ECLI:NL:RBROT:2011:BR2189
Rechtbank Rotterdam
- Eerste aanleg - meervoudig
- [naam rechter 1]
- [naam rechter 2]
- [naam rechter 3]
- [naam rechter 4]
- [naam rechter 5]
- Rechtspraak.nl
Afwijzing wrakingsverzoek en niet-ontvankelijkheid van vervolgverzoeken
In deze zaak heeft de rechtbank Rotterdam op 18 juli 2011 een wrakingsverzoek afgewezen dat was ingediend door verzoekster tegen de rechters van de wrakingskamer. Verzoekster had eerder een wrakingsverzoek ingediend tegen een kantonrechter, en na afwijzing daarvan heeft zij opnieuw geprobeerd de rechters van de wrakingskamer te wraken.

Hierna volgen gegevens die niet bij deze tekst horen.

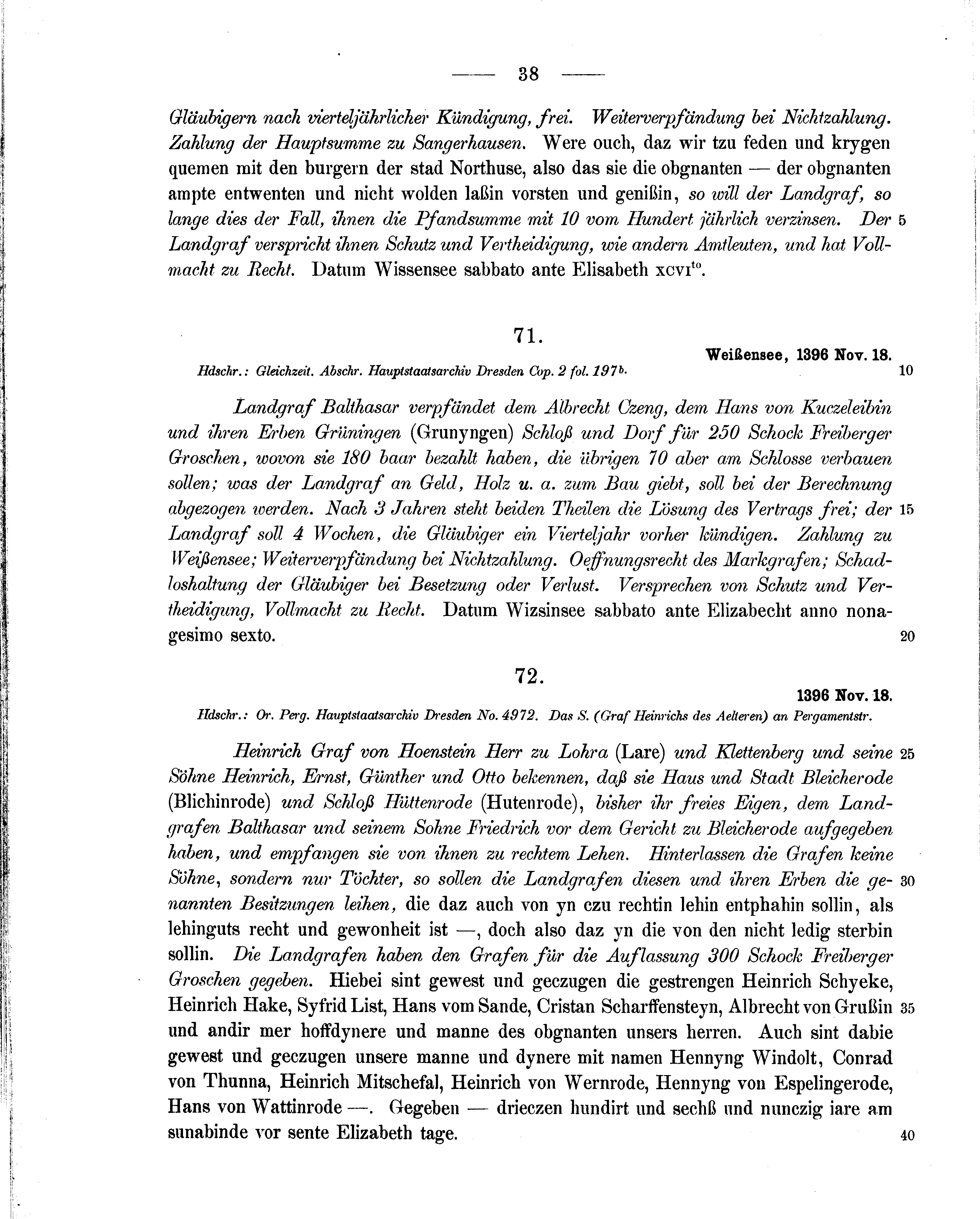 Historische Urkunde Seite 38 aus Band cds1b2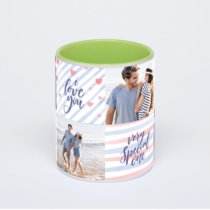 Салатовая кружка с фотопечатью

De rechtbank oordeelde dat het wrakingsverzoek kennelijk ongegrond was, omdat verzoekster geen feiten of omstandigheden had aangevoerd die de vrees voor partijdigheid van de rechters konden onderbouwen. De enkele omstandigheid dat de rechters eerder een verzoek van verzoekster hadden afgewezen, was onvoldoende om te concluderen dat zij niet-onafhankelijk of partijdig waren. De rechtbank benadrukte dat een rechter uit hoofde van zijn aanstelling moet worden vermoed onpartijdig te zijn, tenzij er uitzonderlijke omstandigheden zijn die dit vermoeden ondermijnen. De rechtbank besloot ook dat verdere wrakingsverzoeken van verzoekster op dezelfde of soortgelijke gronden niet meer in behandeling zullen worden genomen, gezien de herhaalde en ongegronde verzoeken van verzoekster. De beslissing werd genomen in aanwezigheid van de griffier en is openbaar uitgesproken.